Last week Tech celebrated the nationwide Engineers Week on campus. Recognized across universities and the engineering industry, Engineers Week highlights the impact engineers have on society. With this year’s motto “Engineers Make a World of Difference,” the week enhances many perspectives on engineering.
Quite a few organizations and majors worked together to create a singular event to showcase the talent, research and importance of the fields of engineering.
“The idea is that people are presenting things that demonstrate their field of engineering. It’s something [they] like to do,” said Ryan Westafar, an Electrical and Computer Engineering grad student and member of Tau Beta Pi, the honorary engineering fraternity that coordinated the event.
With additional participation from groups such as Materials Science and Engineering (MSE) students, the Institute for Industrial Engineers, Omega Chi Epsilon (the chemical engineering honorary fraternity) and several others, the event provided enjoyable insights for both engineering and non-engineering majors alike.
“What I told everyone was, ‘Now’s your chance to show everyone the excitement you have for your domain of engineering,’” Westafer said in regards to the participants in the fair.
Another ideal behind the event included the popular trend of sustainability. “One of the things we wanted to do was make the event sustainable,” Westafar said, describing the reusable banners and materials.
The Engineers Week event included fun but informative demonstrations of engineering and refreshments and prizes. From a homemade Van de Graaff machine to refreshing hot chocolate supplied by OXE, the event educated and entertained people simultaneously.
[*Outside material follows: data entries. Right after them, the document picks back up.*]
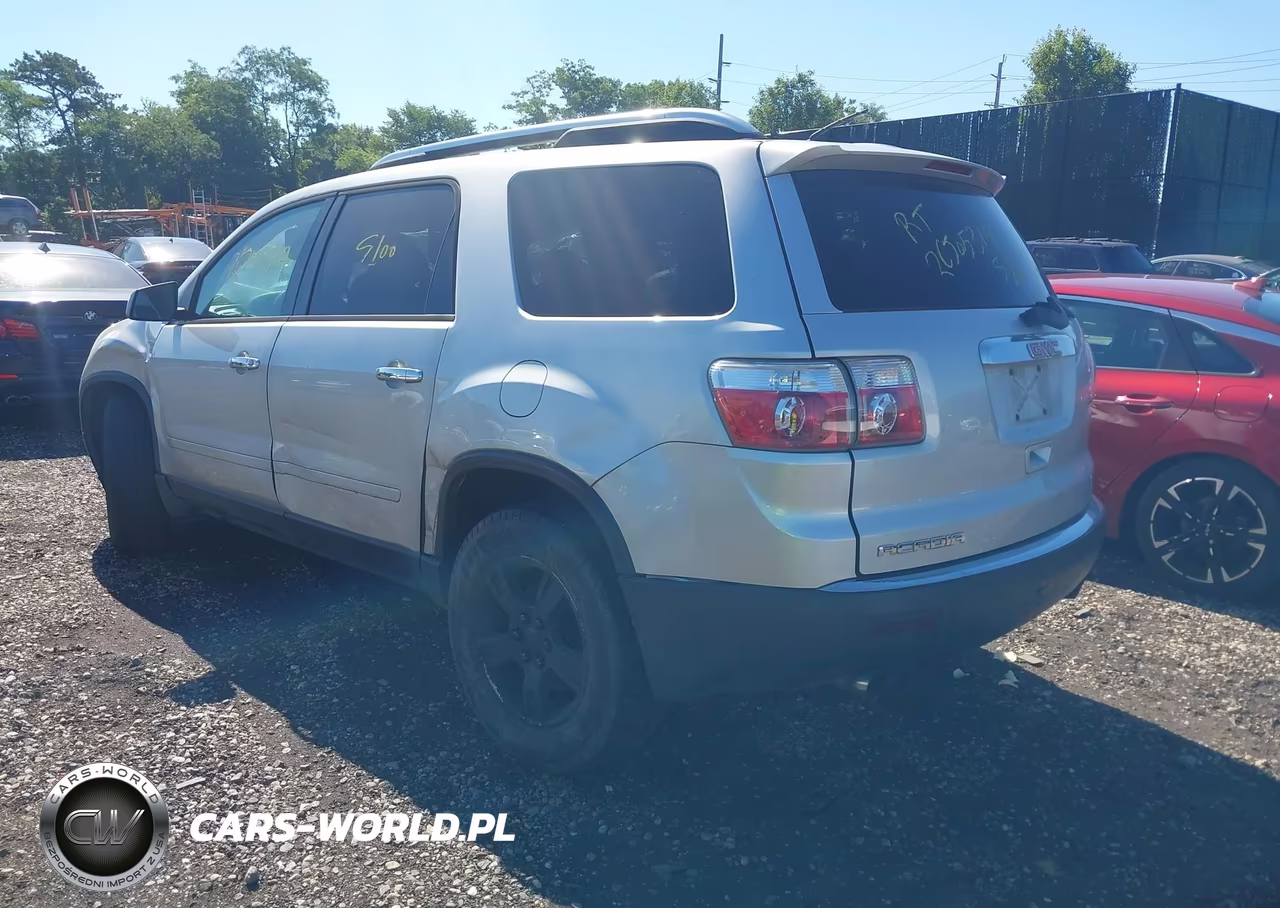 2009 GMC Acadia Sle1 VIN:1GKER13D89J158677 - 3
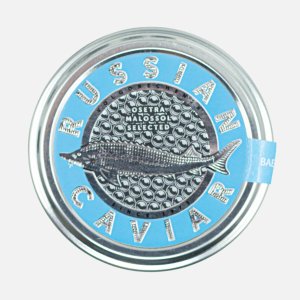 Икра Селектед осетровая зернистая ст/б 50г ОАО Волгореченскрыбхоз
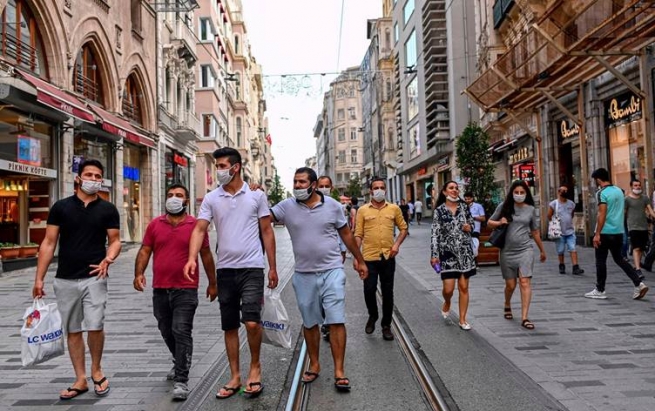 چارەسەرکراوانی کۆرۆنا لە تورکیا لە 24 کاژێری رابردوودا دوو هێندەی تووشبووانن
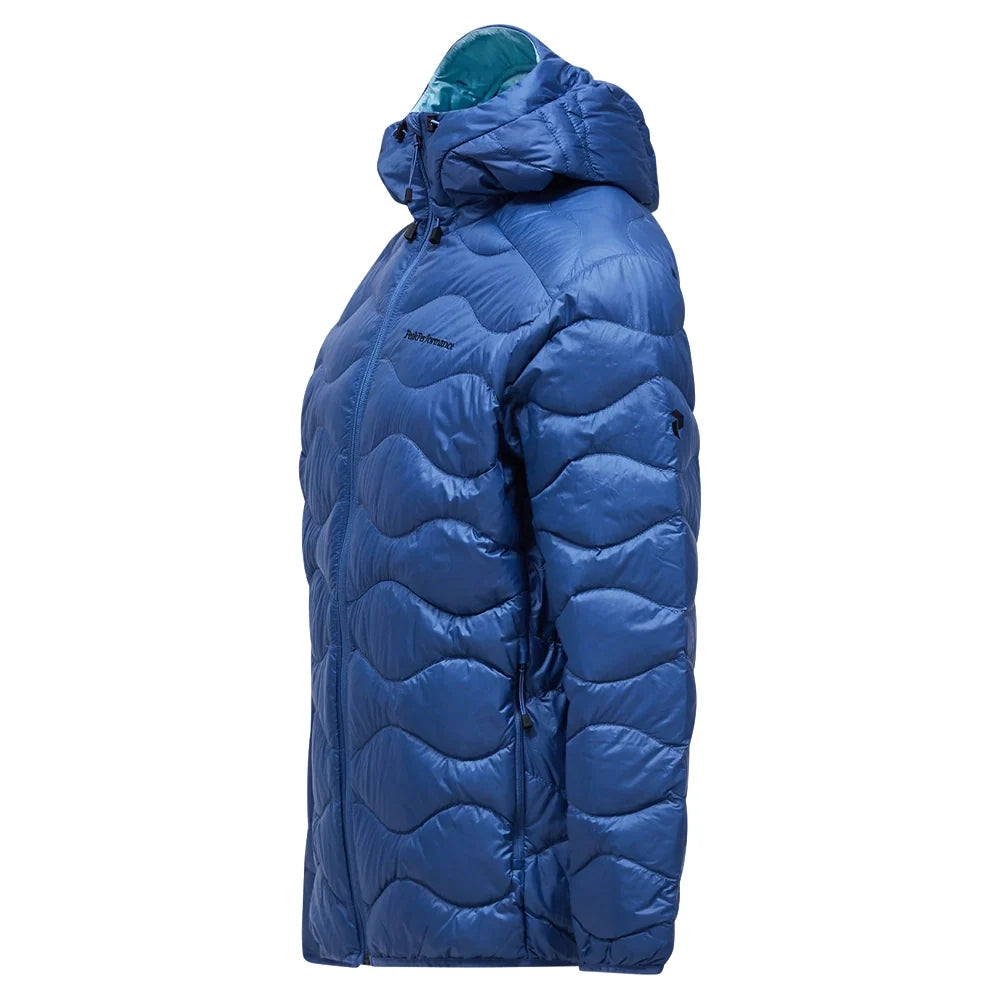Men's Helium Down Hood Jacket - Summit Sky / Snowmelt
As the Society of Women Engineers gave free t-shirts to quiz participants, Westafar commended the sponsors of the event, along with the advisor for Tau Beta Pi, Professor Jane Ammons, associate dean of Engineering and ISyE professor.
“[Lockheed-Martin] made it happen for Tech students,” Professor Ammons said while enjoying the cotton candy from a nearby stand. Westafer and Professor Ammons both agreed on the generosity of Lockheed for their support of Engineers Week at Tech.
While Tau Beta Pi hosted the array of various engineering organizations and majors for Engineers Week, an ISyE Ph.D. student received honors for her work in humanitarian relief logistics. The National Engineers Week Foundation asked its members to choose a group of engineers up to 30 years of age for its prestigious New Faces of Engineering accolade.
Jessica Heier was the only student among the New Faces of Engineering 2008, representing Tech and the work of industrial engineers in humanitarian relief.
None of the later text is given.